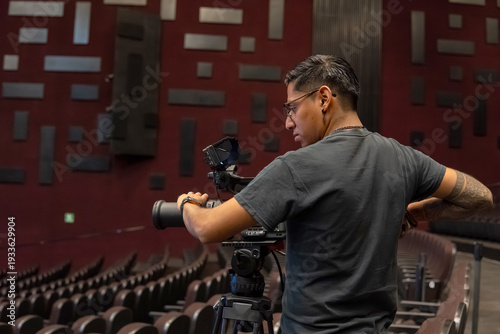 Cameraman filming video production in empty auditorium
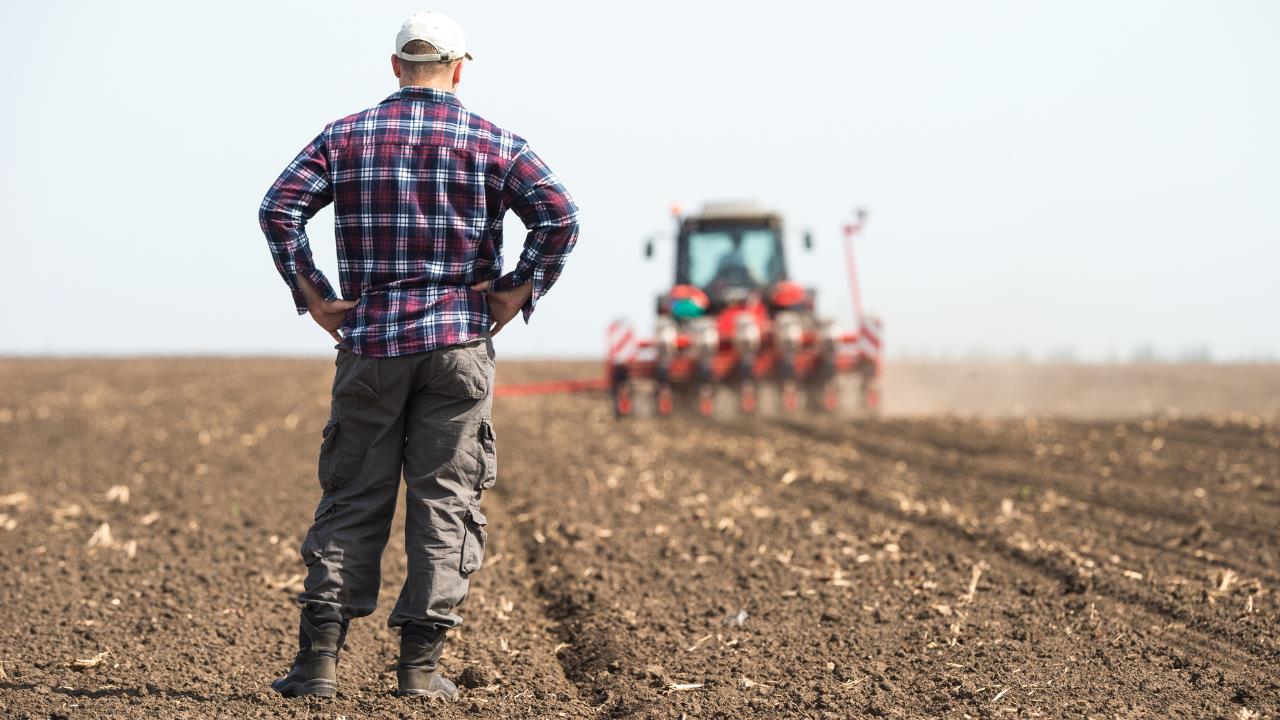 how to start a farm - young farmer on farmland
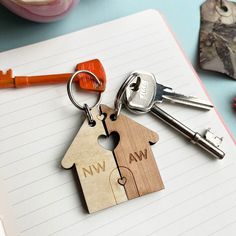 two wooden keychains that have been placed next to each other on top of a notebook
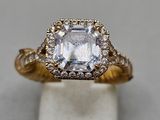 a close up of a diamond ring on a white surface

________________________

What you will do ::
Once the pictures are set aside, output all of the data above verbatim.

Response area ::
 Cameraman filming video production in empty auditorium
 how to start a farm - young farmer on farmland
 two wooden keychains that have been placed next to each other on top of a notebook
 a close up of a diamond ring on a white surface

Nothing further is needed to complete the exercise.